-- Required work --
Below are the records. Retype exactly the lines between the lines holding "AISIN 爱信 通用6速自动变速箱油" and "新款抗流水跑铅扣滑动防走水铅防炸可拆卸跑铅坠快速跑铅钓鱼配件", inclusive.

-- Entries provided --

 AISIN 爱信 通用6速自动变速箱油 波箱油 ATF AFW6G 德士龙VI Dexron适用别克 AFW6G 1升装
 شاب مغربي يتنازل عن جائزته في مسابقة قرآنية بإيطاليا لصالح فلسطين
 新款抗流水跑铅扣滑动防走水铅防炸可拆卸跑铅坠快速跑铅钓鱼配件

...

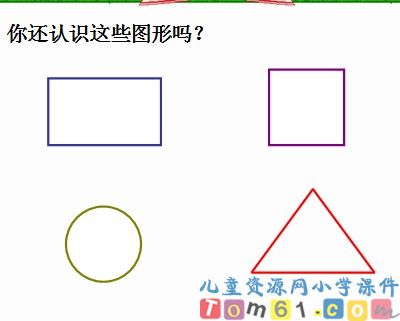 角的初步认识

-- Solved problem --
 AISIN 爱信 通用6速自动变速箱油 波箱油 ATF AFW6G 德士龙VI Dexron适用别克 AFW6G 1升装
 شاب مغربي يتنازل عن جائزته في مسابقة قرآنية بإيطاليا لصالح فلسطين
 新款抗流水跑铅扣滑动防走水铅防炸可拆卸跑铅坠快速跑铅钓鱼配件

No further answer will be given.